Wednesday, September 14, 2011

Stages of Dating

Dating relationships go show common patterns. At each stage during the dating process, each half of a couple often makes a decision (sometimes more thoughtfully arrived at than others) to move forward or to end the dating relationship.

Some dating stages take longer than others to go through and some people take much longer at each stage. Unfortunately, some people don’t fully experience and process each dating stage as an opportunity for personal growth or to make a healthy evaluation about the relationship or about themselves. Others are more open and aware to learn about themselves and their choices during each stage of the dating relationship.

Dating Stage 1: Initial Meeting/Attraction

Dating relationships have to start somewhere. The initial meeting may take place over the internet, through friends, in a church or social group, at a party or bar or any one of a myriad of many different places.

Different arenas for meeting potential dating partners allow for different opportunities to get to know each other and see if there is enough curiosity or interest to take it to the next level which would involve arranging a second or third meeting.

Dating Stage 2: Curiosity, Interest, and Infatuation

During the second stage of dating, attraction and infatuation are most pronounced.

Early attraction often involves the physical attributes of the partner and include things like outward appearance, body type, interests and personality traits. At this stage, the attraction may not be too “deep” and each half of a couple is generally putting his or her best foot forward. Differences are not noticed or are dismissed with thoughts like “not a big deal” or “she will change”.

Couples generally do not have much conflict at this stage of the cycle as each is really trying hard to impress the other person. Often (not always) during this stage of dating, there is not enough “is this the right person for me” but rather more “what can I do to make this person like me?”
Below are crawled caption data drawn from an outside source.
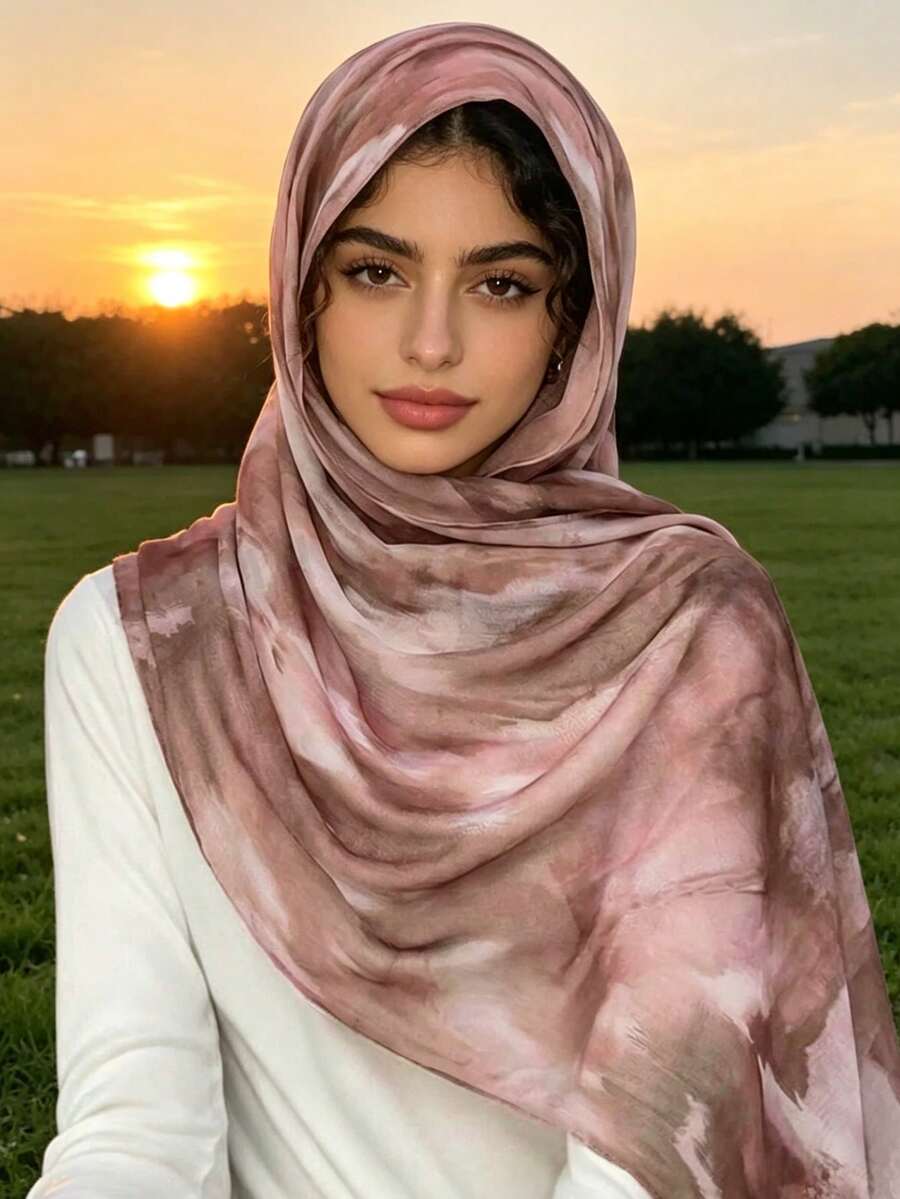 1PC Women's Bohemian Watercolor Floral Turban, Muslim Sun Protection Headscarf Elegant Versatile Scarf Long Shawl For Friends Gathering, Suitable For Daily Wear - 455-powder - View 1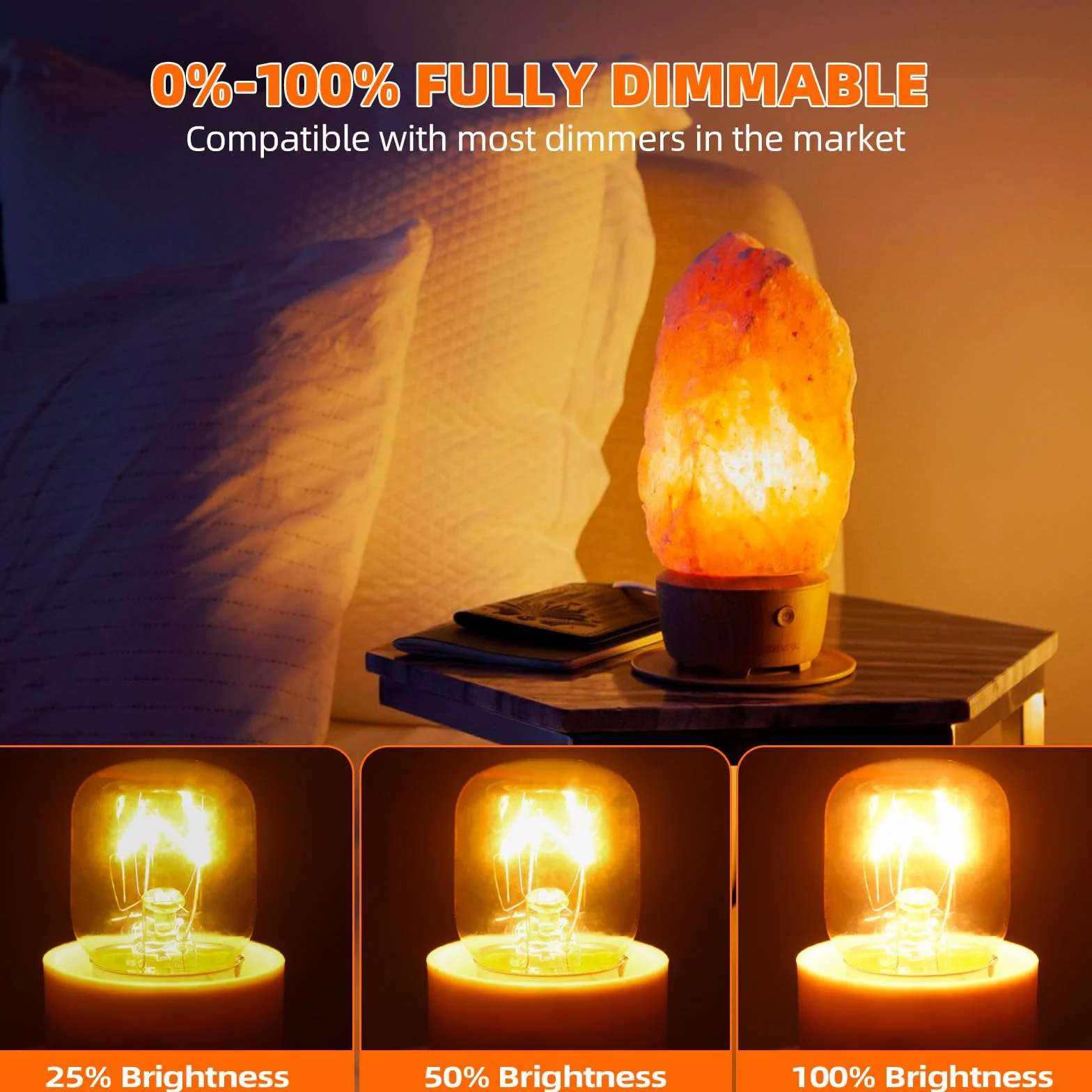 T22 E14 lampa do piekarnika, ciepła biel, 2700 K, do 300 °C, AC 220-240 V, ściemniana, żarówka E14, świeca do piekarnika, kuchenki mikrofalowej, okapu kuchennego, lampa solna, 2 szt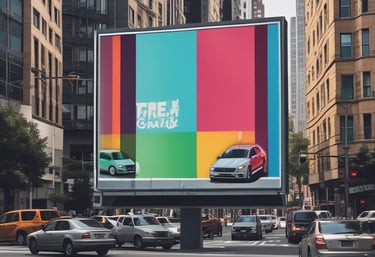 A large outdoor advertising banner displayed on a building facade.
This dating stage may last for 3 or 4 months depending on the individuals and their maturity, experience and self-understanding. Towards the end of this stage, and hopefully at other times throughout it, it is not unusual for questions of “is this the right person for me” to emerge. For women especially there may also be a desire to figure out where the relationship is headed.

Going slowly in making any decisions about a relationship are more likely to be better ones than moving quickly (unless it is clear that the relationship is not a good fit).